Where, as here, the moving defendants have supported their motion with affidavits and other documents, the plaintiff may not rest on the mere allegations or denials of the pleadings, but "must set forth specific facts showing that there is a genuine issue for trial." F.R.Civ.P. 56(e), Davis v. Robbs, 794 F.2d 1129, 1130 (6th Cir.1986).
The standard for granting a motion for summary judgment is essentially the same as that for granting a motion for a directed verdict. "The judge's inquiry, therefore, unavoidably asks whether reasonable jurors could find by a preponderance of the evidence that the plaintiff is entitled to a verdict...." Anderson v. Liberty Lobby, Inc., 477 U.S. 242, 106 S.Ct. 2505, 91 L.Ed.2d 202 (1986). The moving party is not entitled to summary judgment where there is sufficient evidence to allow a reasonable jury to return a verdict for the non-moving party. Id. at 246, 106 S.Ct. at 2508, 91 L.Ed.2d at 211-12. "The evidence of the nonmovant is to be believed, and all justifiable inferences are to be drawn in his favor." Id. at 2556, 106 S.Ct. at 2513, 91 L.Ed.2d at 216. With this standard
Discussion
1. American Motorists Insurance Co. ("AMICO"). AMICO contends that Arco has not alleged that any property damage occurred during the AMICO policy terms. Since AMICO's duty to defend is limited to property damage occurring during the policy periods, AMICO contends that it is entitled to summary judgment. Arco contends that AMICO must provide it with a defense because AMICO cannot prove that Arco did not ship TCE to the Thermo Chem site during the relevant period. Because I find that Arco, rather than AMICO, has the burden to establish an occurrence within the policy periods, and because Arco has not met that burden, I will grant AMICO's motion.
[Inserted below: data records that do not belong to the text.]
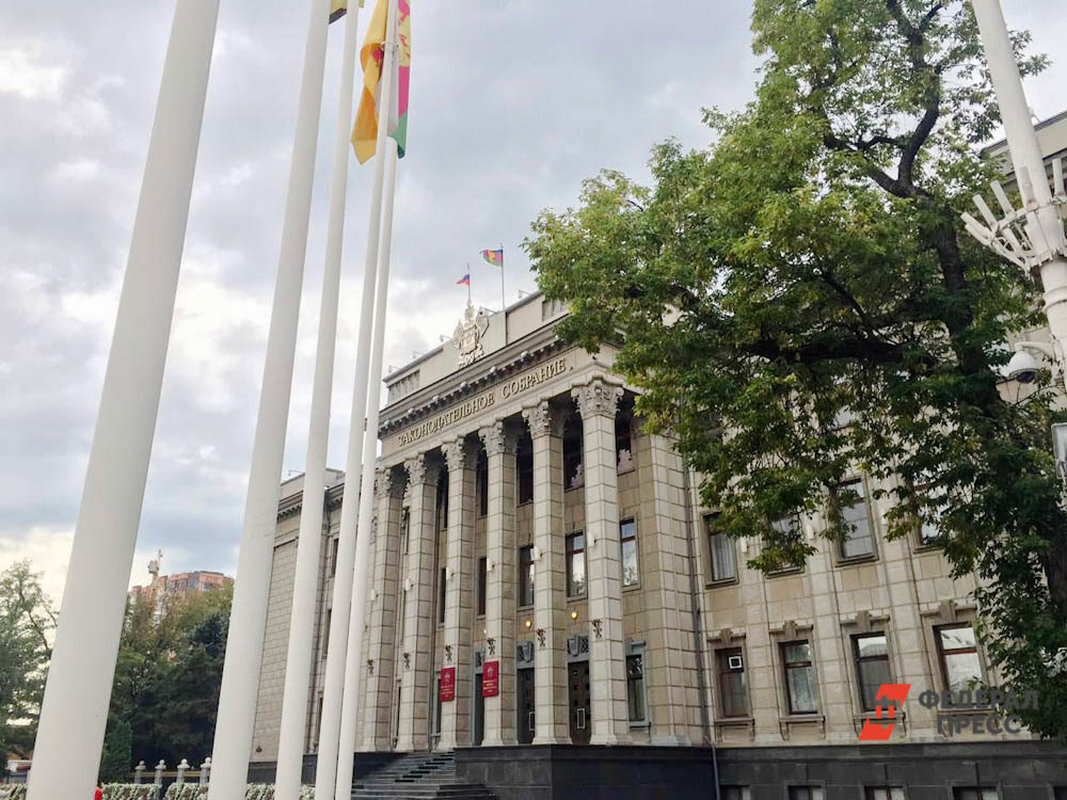 Посетители или не заметили ошибку, или решили не огорчать народного избранника.  Фото: Фото: ФедералПресс / Андрей Гусий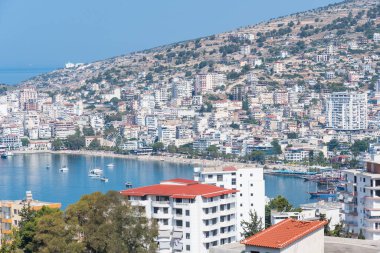 Arnavutluk 'un güneyindeki güzel Sarande kenti güzel bir yaz gününde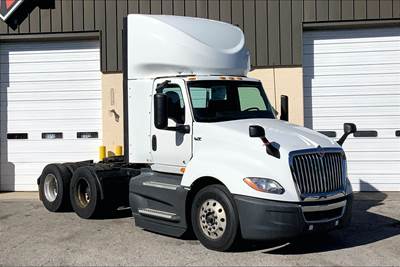 International LT625 Day Cab Truck - Cummins 400HP, 12 Speed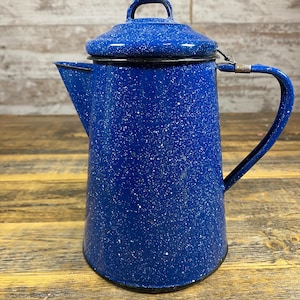Vintage 7.75” Blue White Speckled Enamelware Coffee Pot Kettle Enamel Metal Pitcher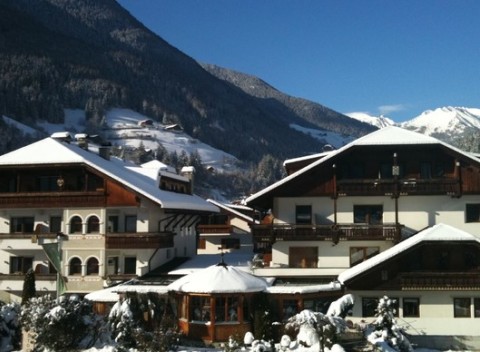 Neobmedzený wellness na talianskom vidieku v útulnom hoteli navyše len na skok od lyžiarskeho vleku.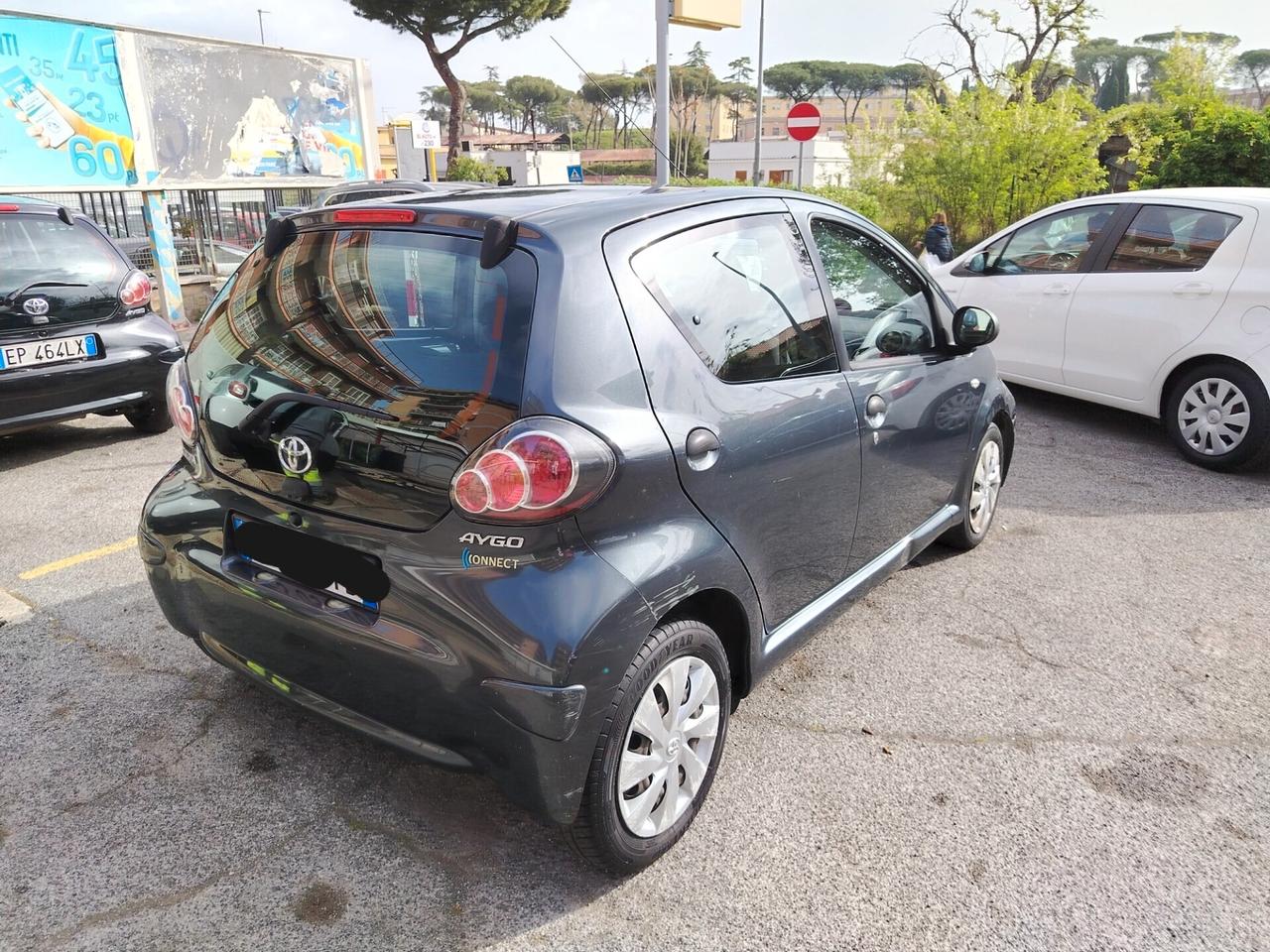 Toyota Aygo 1.0 12V VVT-i 5 porte Orange Connect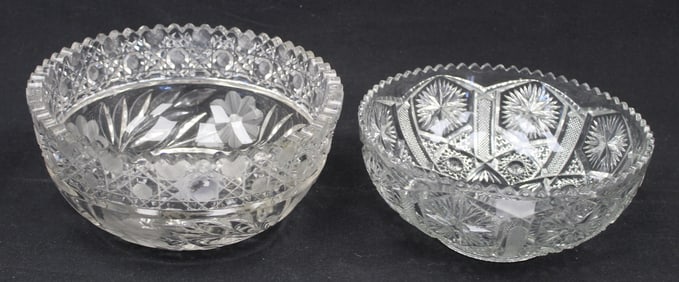 Lot of 2 beautiful cut glass bowls - 8" diam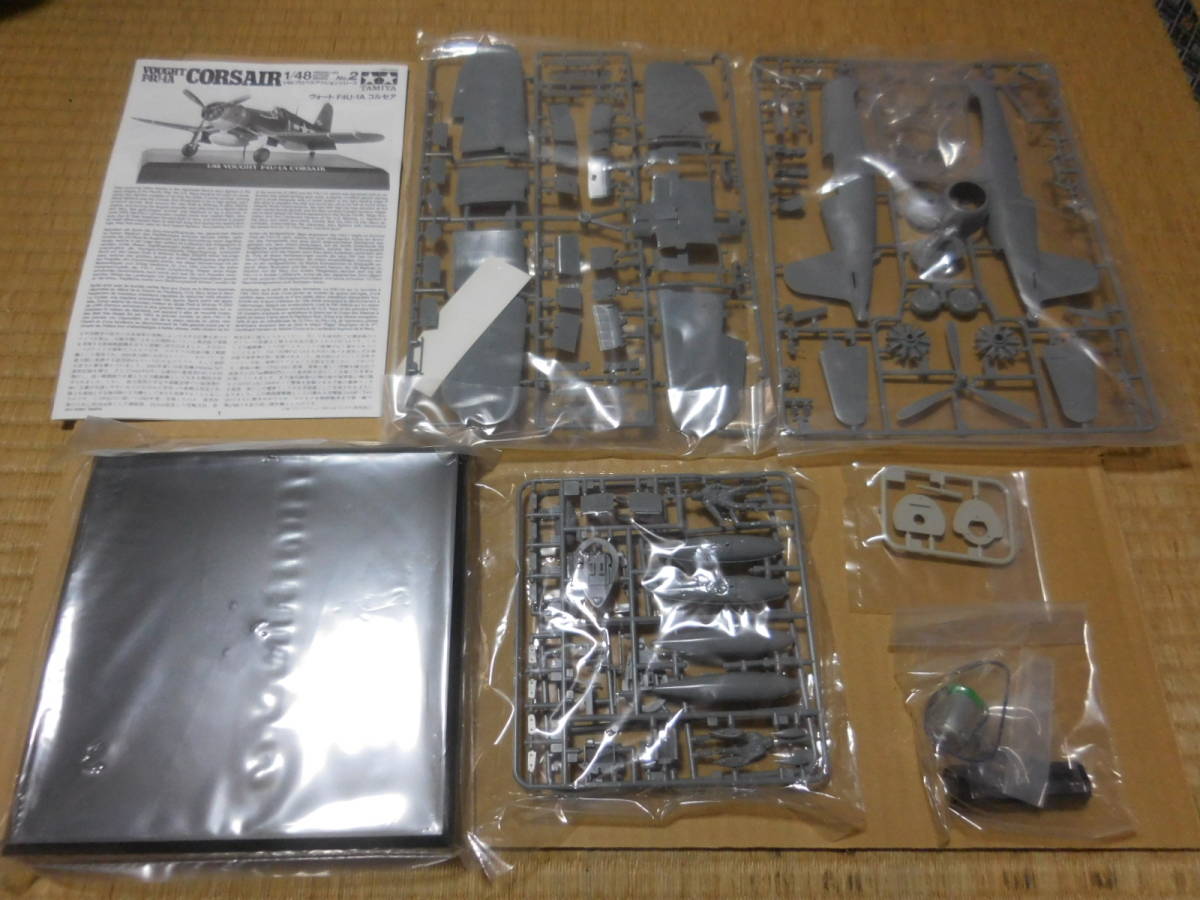 PAT155【中古/訳あり】 1/48 タミヤ製 プロペラアクションシリーズ　～　ヴォート F4U-1A コルセア_パーツ全体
The EPA's letter did not identify any specific conduct by Arco that led to Arco's identification as a PRP. Arco has determined that it contracted with Thomas Solvent to remove hazardous wastes from Arco's Schoolcraft, Michigan plant on at least two occasions, March 26, 1976 and June 7, 1976. See Complaint ¶ 9, Exhibits A, B. Arco alleges that, as a result of these shipments, it must participate in the investigation and remediation of the released contaminants. The complaint also alleges that, "Arco understands Thomas Solvent then took waste products from its facility in Schoolcraft, Kalamazoo County, Michigan, to Thermo Chem for processing. Other shipments of waste products (in addition to those identified in Exhibit B ...) may have been picked up from Arco's ... facility and processed by Thermo Chem." Complaint, ¶ 20.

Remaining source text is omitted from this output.